# Basic essentials before our puppy arrives



## Denali (May 23, 2011)

Well, we are finally picking up our puppy next Saturday and absolutely cannot wait :love-eyes:. We have got a crate, a bowl and a harness (for the journey home) so far and are planning a trip to the pet shop next week. We are not at all sure what essentials or fun items we will need - toys (rope, ball, squeaky bone...???) bedding, treats, toiletty-type things (?) etc. I don't want to buy anything we won't use but I certainly want him to feel at home and have plenty to keep him happy when he arrives. If anyone has any suggestions, the more specific the better, I would love to hear from you.


----------



## flounder_1 (May 12, 2011)

I bought Simple Solution Puppy Aid Training Spray Which really helped Lolly to know where we wanted her to go to the toilet. I sparyed it in the area I wanted her to go and she would straight away sniff and then do a wee  and for a long while she stuck to going in that area of the garden. She goes wherever she fancies now though  but as long as it's not in the house I don't mind!


----------



## JoJo (Mar 2, 2011)

Wubba kong toy
Puppy kong toy 
Puppy toilet pads
Food bowl 
Water bowl 
Vetbed is great bedding 
Brush.. good to get hands on contact with puppy
Poo bags 
umm will add to the list if I can think of anything else


----------



## flounder_1 (May 12, 2011)

Another essential is a Kong as when she was little, we would fill it with peanut butter and a few treats and give it to her while we were trying to eat our dinner. It gave us a few minutes peace in those early days when she was so needy and velcro like! Now we freeze them with the same filling and give it to her in her crate if we are going to be out of the house for a few hours.


----------



## flounder_1 (May 12, 2011)

JoJo said:


> Wubba kong toy
> 
> Poo bags


Lolly loves her Kong Wubba 

Poo bags - I use Sainsbury's own nappy sacks - 100 for 8p!!!  and sometimes they go on offer and are half price!!!


----------



## JoJo (Mar 2, 2011)

100 for 8p .... thats good value 

I tried some type of nappy bags but they were too think enough when picking up poo on the gravel ....yuk yuk .. you can picture the mess I was in with three cockapoos, a ripped nappy sac and well, poo on my hand ..... hence why I get thick poo bags these days.


----------



## Ali79 (Mar 30, 2011)

The only thing I can add money can't buy... get lots of rest and sleep now as like with a new baby for the first few days you wont be getting much of either  All worthwhile I have to add as Cockapoos are great


----------



## flounder_1 (May 12, 2011)

JoJo said:


> 100 for 8p .... thats good value
> 
> I tried some type of nappy bags but they were too think enough when picking up poo on the gravel ....yuk yuk .. you can picture the mess I was in with three cockapoos, a ripped nappy sac and well, poo on my hand ..... hence why I get thick poo bags these days.

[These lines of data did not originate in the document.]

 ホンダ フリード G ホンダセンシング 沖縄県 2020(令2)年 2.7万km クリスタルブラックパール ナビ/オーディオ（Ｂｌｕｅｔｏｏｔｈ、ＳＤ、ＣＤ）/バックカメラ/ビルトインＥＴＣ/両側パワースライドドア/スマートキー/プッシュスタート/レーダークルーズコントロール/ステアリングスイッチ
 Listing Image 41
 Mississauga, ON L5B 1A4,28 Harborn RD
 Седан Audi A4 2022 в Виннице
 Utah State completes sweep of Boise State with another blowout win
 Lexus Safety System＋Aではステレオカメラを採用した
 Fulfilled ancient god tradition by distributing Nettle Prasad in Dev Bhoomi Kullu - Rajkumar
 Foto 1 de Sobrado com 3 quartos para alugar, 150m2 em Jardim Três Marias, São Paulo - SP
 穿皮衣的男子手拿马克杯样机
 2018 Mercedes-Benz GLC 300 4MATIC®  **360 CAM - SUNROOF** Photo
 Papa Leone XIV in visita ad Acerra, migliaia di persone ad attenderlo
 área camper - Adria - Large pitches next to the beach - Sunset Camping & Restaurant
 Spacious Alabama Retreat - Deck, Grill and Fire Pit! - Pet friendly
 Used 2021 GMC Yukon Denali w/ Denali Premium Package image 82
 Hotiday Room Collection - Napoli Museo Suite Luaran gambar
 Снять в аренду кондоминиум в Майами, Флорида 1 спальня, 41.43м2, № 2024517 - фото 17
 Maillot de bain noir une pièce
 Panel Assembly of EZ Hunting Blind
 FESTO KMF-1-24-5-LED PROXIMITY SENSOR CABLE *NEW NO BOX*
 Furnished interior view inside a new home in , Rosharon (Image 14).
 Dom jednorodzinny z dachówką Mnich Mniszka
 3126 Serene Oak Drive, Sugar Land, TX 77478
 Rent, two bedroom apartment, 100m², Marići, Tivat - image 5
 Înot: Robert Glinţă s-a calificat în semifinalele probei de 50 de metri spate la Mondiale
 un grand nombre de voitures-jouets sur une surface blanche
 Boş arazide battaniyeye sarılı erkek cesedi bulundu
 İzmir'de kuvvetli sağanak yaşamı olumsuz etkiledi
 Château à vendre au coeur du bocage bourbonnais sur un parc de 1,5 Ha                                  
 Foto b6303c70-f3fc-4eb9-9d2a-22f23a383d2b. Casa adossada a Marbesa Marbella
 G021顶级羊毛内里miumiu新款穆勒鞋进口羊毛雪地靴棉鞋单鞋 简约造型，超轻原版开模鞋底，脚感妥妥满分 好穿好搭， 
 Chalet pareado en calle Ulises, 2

I worried about that when I bought them and started off double bagging (but at that price it was still cheap!) but I'm confident now that they are strong enough and only use one. No misshaps yet!!!


----------



## Sarette (Mar 21, 2011)

I love how all threads turn to poo


----------



## JoJo (Mar 2, 2011)

Picking up poo is a massive part of cockapoo ownership ....especially with three dogs   

I will try the Sainsbury’s 8p ones .. and let you know if I get poo on my hands ... how my life has changed .... I am talking about poo on my hands :S


----------



## Bini (Jul 4, 2011)

I love reading the threads, I sit her and laugh!
I am going through *kitchen roll *( to wipe wee away and then wipe it clean with an *adour remover*) like it would get out of fashion!!! If you find some on offer, buy loads. Apperently Morrisons value is cheap and absorbent and I buy in Lidl.
I bought a *little blue silicon bone *shape chewing bone, which has 3 colourful tassles on it in Pets at home. Cider loves spending time on that.
And I bought a *water bowl in the bird area *in pets at home to hang into the crate. In the moment its on the flour but still attached to the crate. It will be good for in the car crate later on on trips. Cider also loves *anything that tangles*, I pull it along and he chases it like a cat. Don't forget to make a name tag for him. Oh the excitment, I was feeling like a child at Christmasarty2:


----------



## Denali (May 23, 2011)

This is all really useful, thanks. I have not heard of Kong toys - will be looking out for them when we got shopping. I had wondered about nappy sacks for poop! Don't much like the idea of them splitting, though What treats would anyone suggest to help with training?


----------



## wilfiboy (Sep 18, 2010)

Yeh Ive always bought Asda nappy bags never had one break... would nt be suitable for a bigger dog but fine for our dogs, you'll find kong stuff in most pet shops. I wouldn't waste money on the aerosol fillers for the kongs they are expensive and neither of minre liked it anyway, that went for the biscuit things as well I gave mine away. You can fill your kong with cream cheese, peanut butter. Kong also do a tennis ball which to start with wont be applicable but they sqeeek and are very durable, often other balls can be chewed to bits by a determined cockapoo


----------



## Dylansmum (Oct 29, 2010)

Denali said:


> This is all really useful, thanks. I have not heard of Kong toys - will be looking out for them when we got shopping. I had wondered about nappy sacks for poop! Don't much like the idea of them splitting, though:eekji: What treats would anyone suggest to help with training?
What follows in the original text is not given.